Empiric Student Property plc
- Company type: Public
- Traded as: LSE: ESP
- Industry: Property investment
- Founded: 2014; 12 years ago
- Headquarters: London, United Kingdom
- Area served: England
- Key people: Mark Pain (Chairman) Duncan Garood (CEO)
- Revenue: £84.2 million (2024)
- Operating income: £54.4 million (2024)
- Net income: £34.4 million (2024)
- Website: www.empiric.co.uk

= Empiric Student Property =

British student accommodation provider

Empiric Student Property plc is a British company providing student accommodation.

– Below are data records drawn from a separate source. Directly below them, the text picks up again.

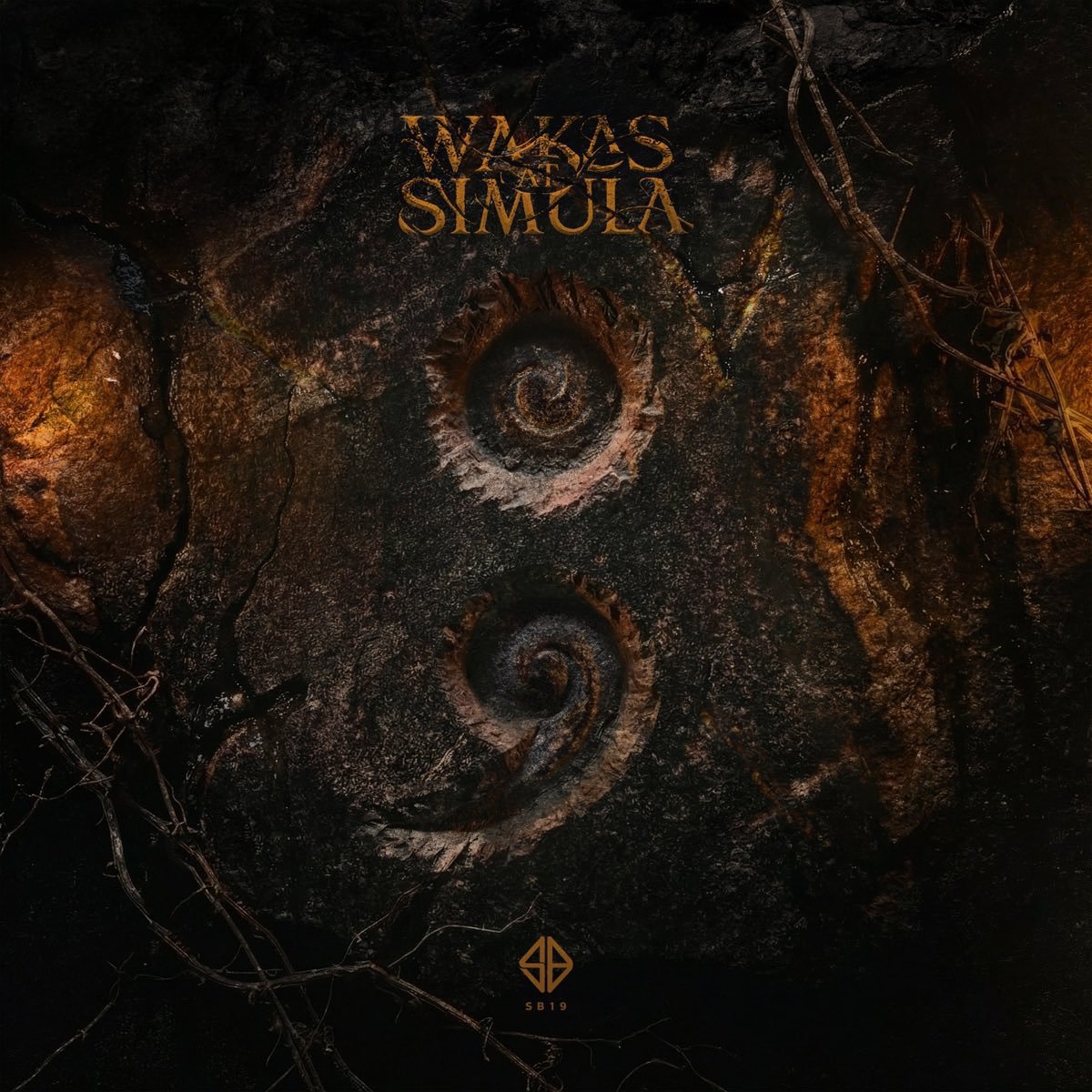 popbasephil's tweet photo. SB19 'Wakas At Simula' is #1 now on CD Japan's all-genre Top Albums chart.

The album also occupies four of the top five spots with its different versions. https://t.co/zhgdan4Ke8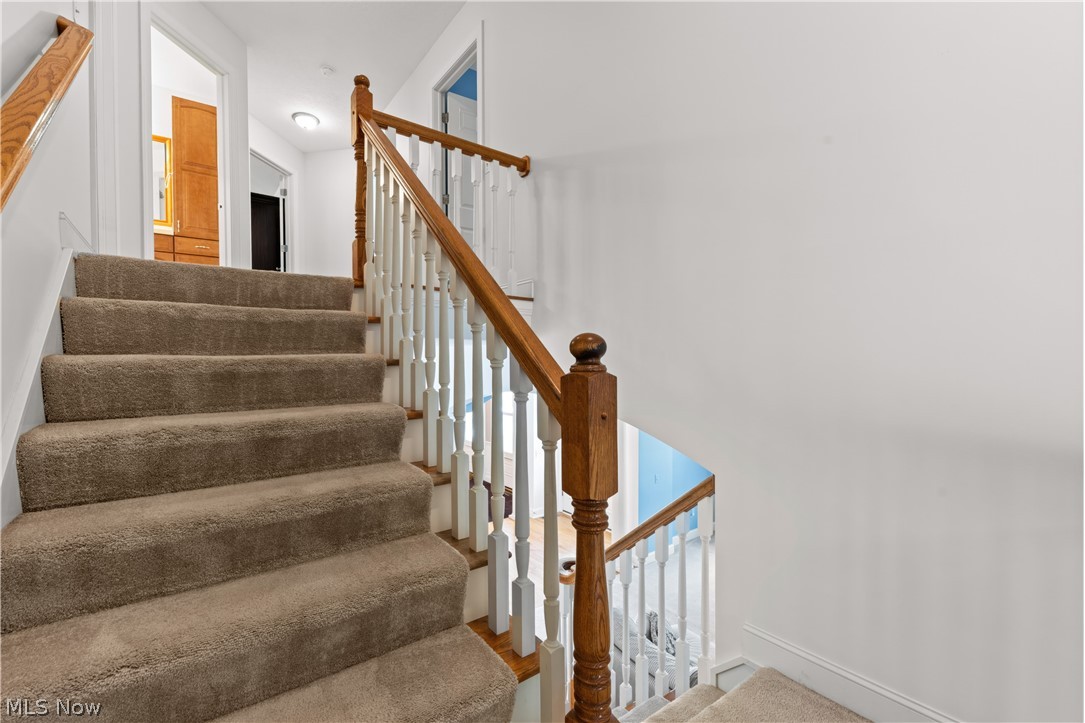31 John Clark Lane Hudson OH 44236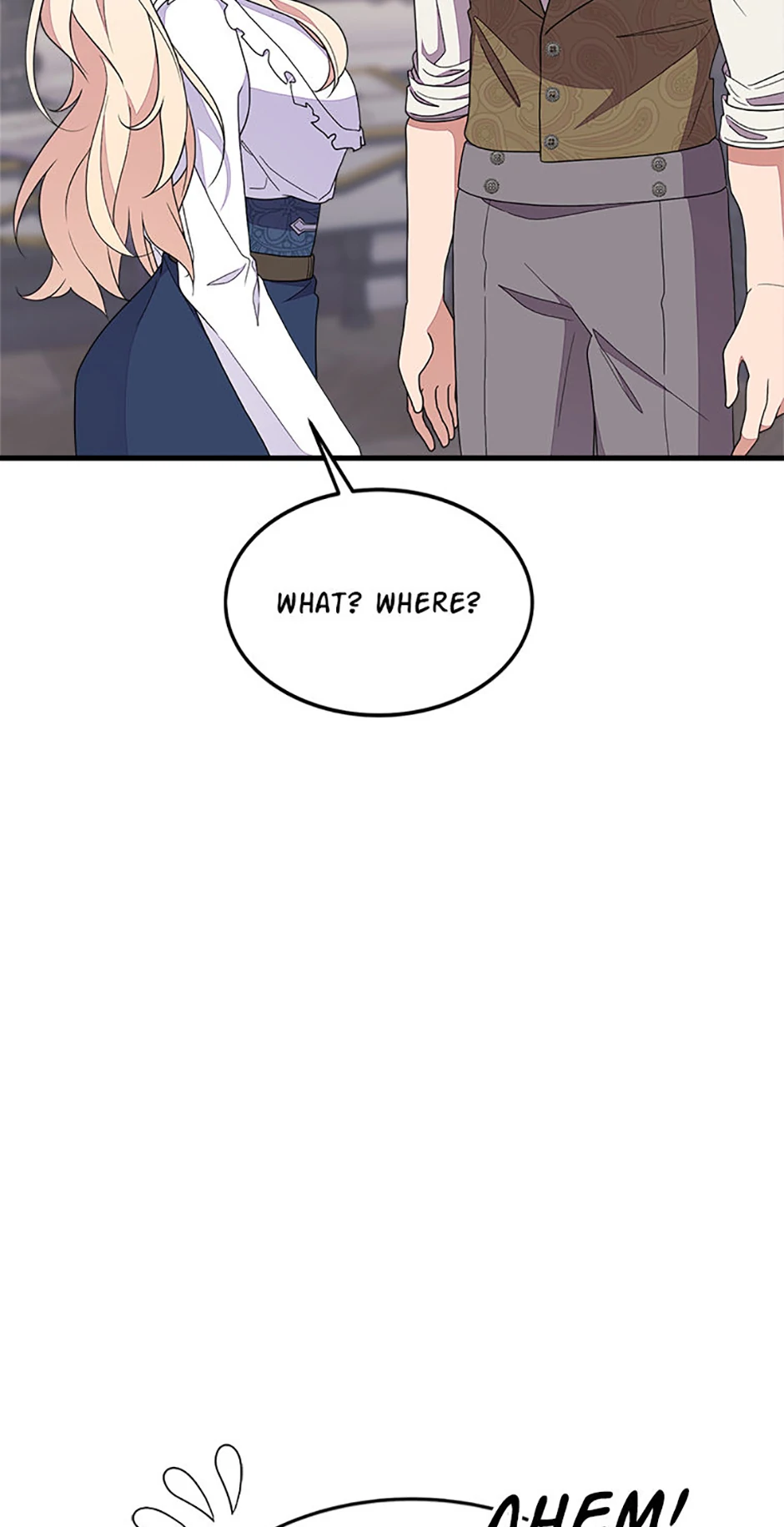 Only for Your Well-Being chapter 54 page 52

It was listed on the London Stock Exchange and was a constituent of the FTSE 250 Index until it was acquired by Unite Group in January 2026.

==History==
The company was established by Paul Hadaway and Tim Attlee as London Cornwall Student REIT plc in February 2014. It changed its name to Empiric Student Property plc in March 2014. The first CEO was Paul Hadaway, but after incurring significant extra costs involved with establishing its "Hello Student" management and letting platform, Hadaway stood down and the board instigated a major strategic review, with steps being taken to bring costs under control.

Subsequent management changes involved Attlee being appointed CEO in November 2018, and then Duncan Garrood taking over in June 2020. Later that year, the company resolved to keep costs under control by implementing a strategy of clustering its properties so that they are in "close proximity to top-tier universities". This necessitated significant disposals of properties which did not meet the new criteria in 2021.

In August 2025, it was announced that Unite Group would buy Empiric Student Property in a deal worth £634 million. The scheme of arrangement was approved by the court and became effective on 27 January 2026.